▶ [What you should do]: For every line that contains the string "actually", pull that line out of the material below.

Available data Start Marker

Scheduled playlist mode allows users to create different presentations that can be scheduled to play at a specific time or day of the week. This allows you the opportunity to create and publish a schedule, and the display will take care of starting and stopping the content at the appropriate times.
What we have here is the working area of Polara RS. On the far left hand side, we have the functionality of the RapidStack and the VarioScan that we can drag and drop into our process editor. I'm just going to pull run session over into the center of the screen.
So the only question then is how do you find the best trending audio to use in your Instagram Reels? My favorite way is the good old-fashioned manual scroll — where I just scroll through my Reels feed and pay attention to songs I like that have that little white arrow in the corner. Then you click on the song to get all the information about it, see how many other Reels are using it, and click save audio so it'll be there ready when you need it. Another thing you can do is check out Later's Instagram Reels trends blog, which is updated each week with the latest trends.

Available data End Marker
Available data Start Marker

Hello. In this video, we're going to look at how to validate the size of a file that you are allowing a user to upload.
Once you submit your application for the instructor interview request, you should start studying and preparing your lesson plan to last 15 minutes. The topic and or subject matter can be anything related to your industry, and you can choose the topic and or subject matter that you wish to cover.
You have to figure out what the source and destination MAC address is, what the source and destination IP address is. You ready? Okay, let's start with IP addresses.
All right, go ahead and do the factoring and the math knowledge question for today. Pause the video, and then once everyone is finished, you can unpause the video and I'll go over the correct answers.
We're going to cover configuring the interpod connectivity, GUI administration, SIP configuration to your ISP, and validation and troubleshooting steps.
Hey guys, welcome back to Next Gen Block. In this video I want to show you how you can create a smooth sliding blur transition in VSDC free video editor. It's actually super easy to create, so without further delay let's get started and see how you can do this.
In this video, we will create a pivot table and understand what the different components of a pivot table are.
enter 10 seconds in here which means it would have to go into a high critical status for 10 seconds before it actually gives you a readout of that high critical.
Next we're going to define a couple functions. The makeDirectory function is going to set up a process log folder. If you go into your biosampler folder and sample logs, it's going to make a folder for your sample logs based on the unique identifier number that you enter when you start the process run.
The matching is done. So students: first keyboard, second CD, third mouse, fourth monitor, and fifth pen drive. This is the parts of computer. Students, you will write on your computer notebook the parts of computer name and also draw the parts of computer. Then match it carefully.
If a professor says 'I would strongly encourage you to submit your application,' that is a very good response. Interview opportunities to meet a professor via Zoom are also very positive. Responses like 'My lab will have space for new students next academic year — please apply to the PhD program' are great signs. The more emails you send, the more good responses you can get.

Available data End Marker
Available data Start Marker

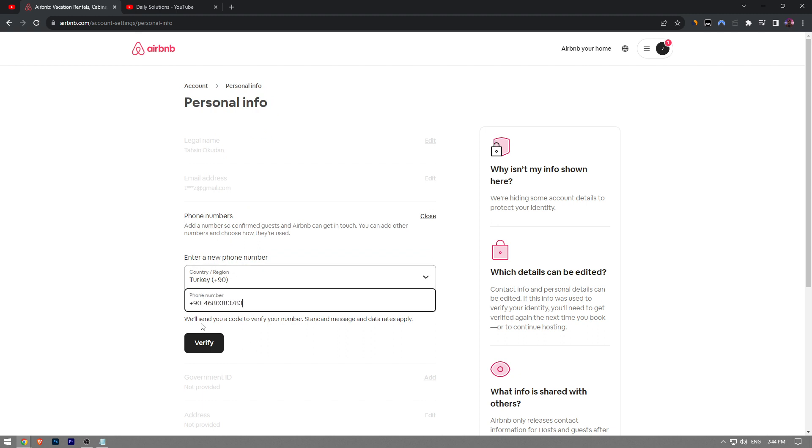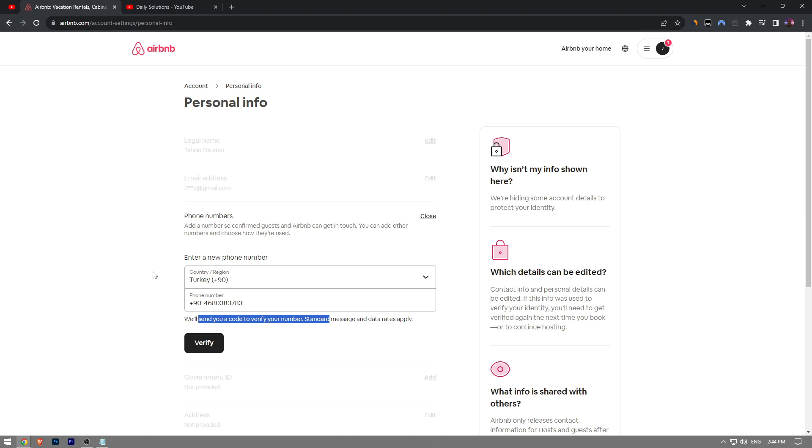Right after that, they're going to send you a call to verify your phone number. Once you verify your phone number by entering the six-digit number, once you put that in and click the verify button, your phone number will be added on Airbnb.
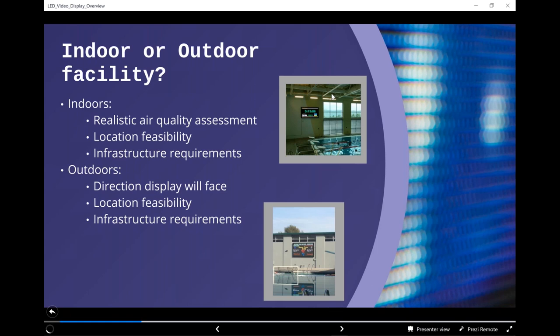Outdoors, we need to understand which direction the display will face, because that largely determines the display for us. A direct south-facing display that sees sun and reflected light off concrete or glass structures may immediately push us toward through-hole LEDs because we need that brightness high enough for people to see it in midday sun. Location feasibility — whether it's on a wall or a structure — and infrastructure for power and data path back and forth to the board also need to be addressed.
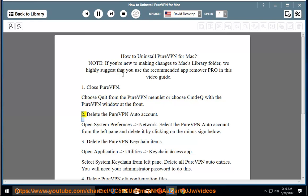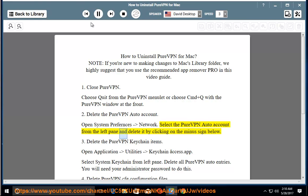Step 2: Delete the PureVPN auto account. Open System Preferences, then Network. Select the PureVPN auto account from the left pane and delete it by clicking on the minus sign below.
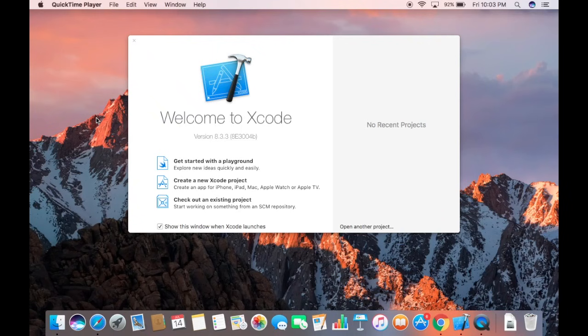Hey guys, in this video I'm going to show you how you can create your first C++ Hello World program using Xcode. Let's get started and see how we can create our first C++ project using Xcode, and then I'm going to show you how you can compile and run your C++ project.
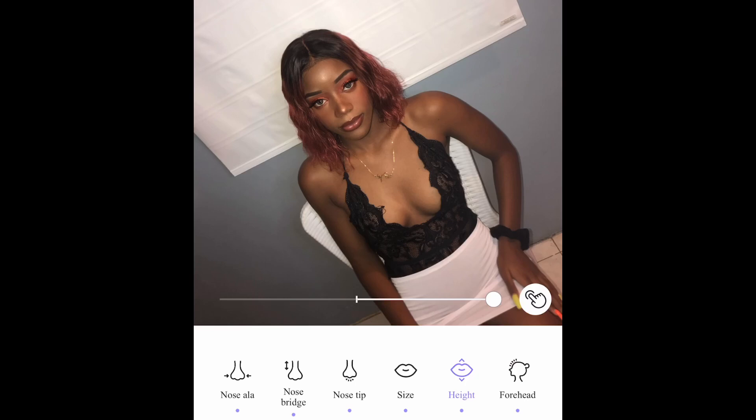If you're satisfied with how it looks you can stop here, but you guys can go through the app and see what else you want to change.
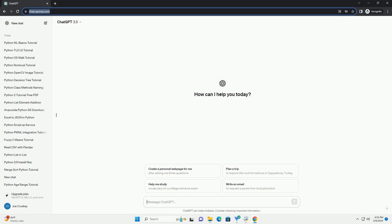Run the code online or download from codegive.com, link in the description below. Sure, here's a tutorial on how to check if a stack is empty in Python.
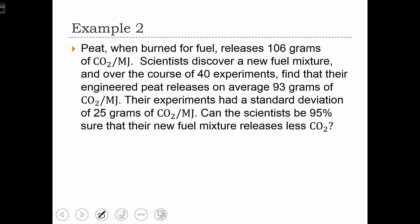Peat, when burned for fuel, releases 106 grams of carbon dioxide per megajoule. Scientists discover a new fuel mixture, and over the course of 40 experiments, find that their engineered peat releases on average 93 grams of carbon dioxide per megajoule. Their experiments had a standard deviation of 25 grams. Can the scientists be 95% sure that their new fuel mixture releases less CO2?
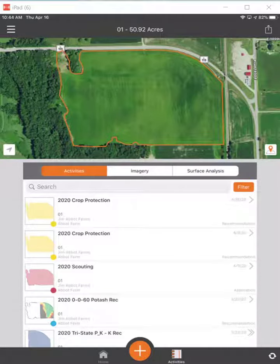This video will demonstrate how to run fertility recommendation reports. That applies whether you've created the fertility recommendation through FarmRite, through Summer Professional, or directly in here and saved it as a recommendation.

Available data End Marker

▶ [Answer section]:
Hey guys, welcome back to Next Gen Block. In this video I want to show you how you can create a smooth sliding blur transition in VSDC free video editor. It's actually super easy to create, so without further delay let's get started and see how you can do this.
enter 10 seconds in here which means it would have to go into a high critical status for 10 seconds before it actually gives you a readout of that high critical.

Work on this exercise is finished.